» Task objective
An exact copy is all that is wanted: the lines from the one with "3007 The Boulevard, Carrara QLD 4211" through the end of the listing below, both included, minus any pictures.
═══ Raw data ═══
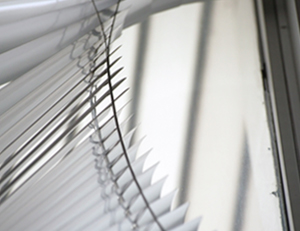 Fixing window blinds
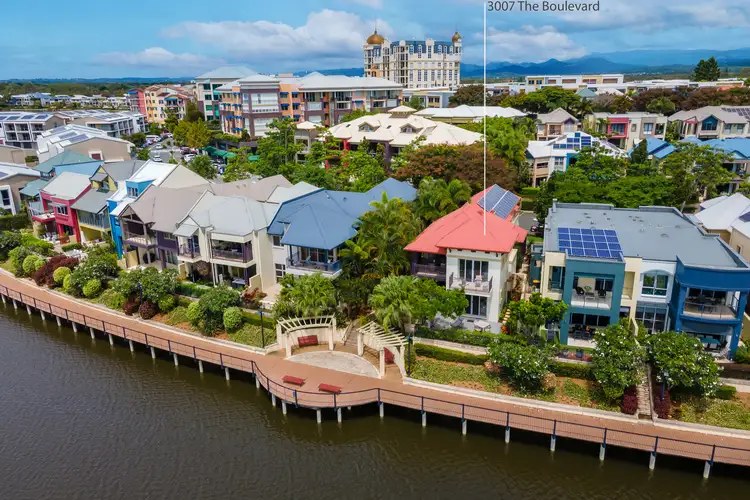 3007 The Boulevard, Carrara QLD 4211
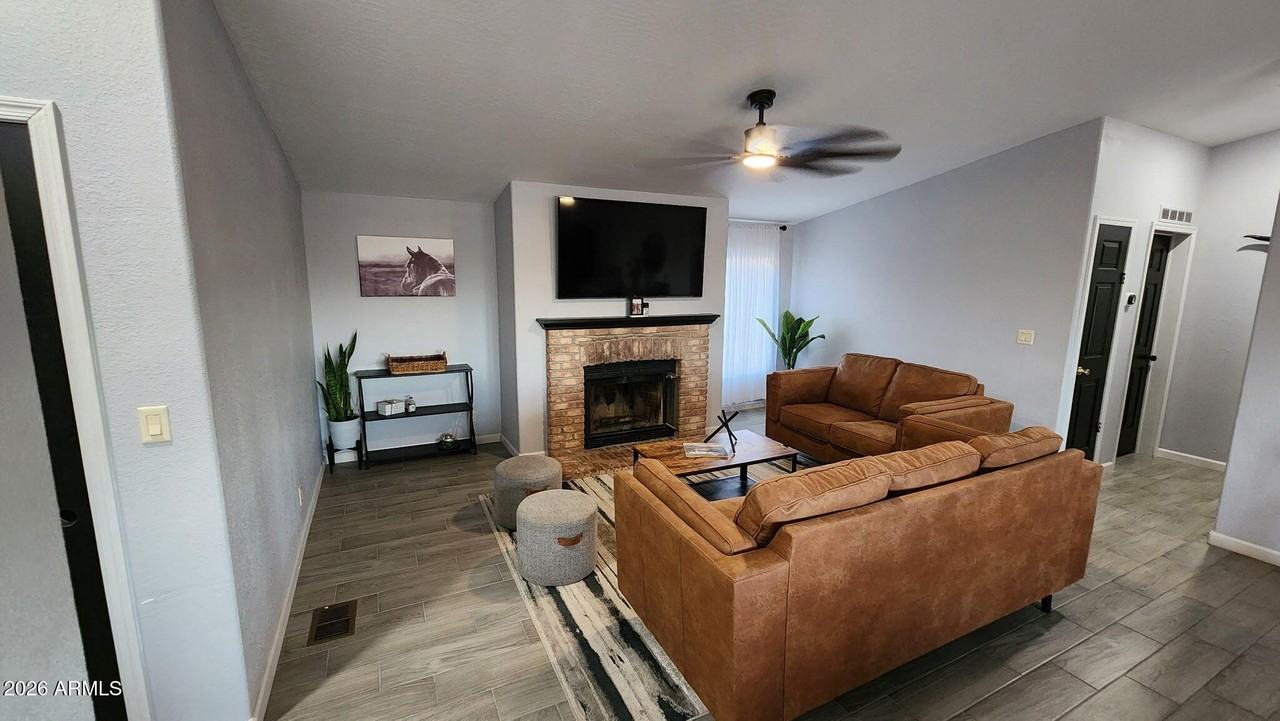 9647 S 30th Dr - Photo 4 of 17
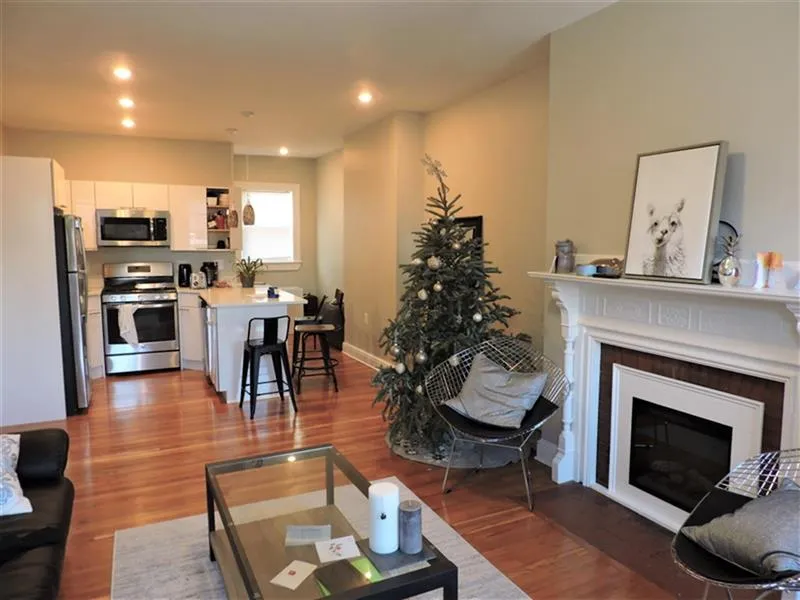 20 John F Kennedy St, Riverside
═══
» Solved problem
 3007 The Boulevard, Carrara QLD 4211
 9647 S 30th Dr - Photo 4 of 17
 20 John F Kennedy St, Riverside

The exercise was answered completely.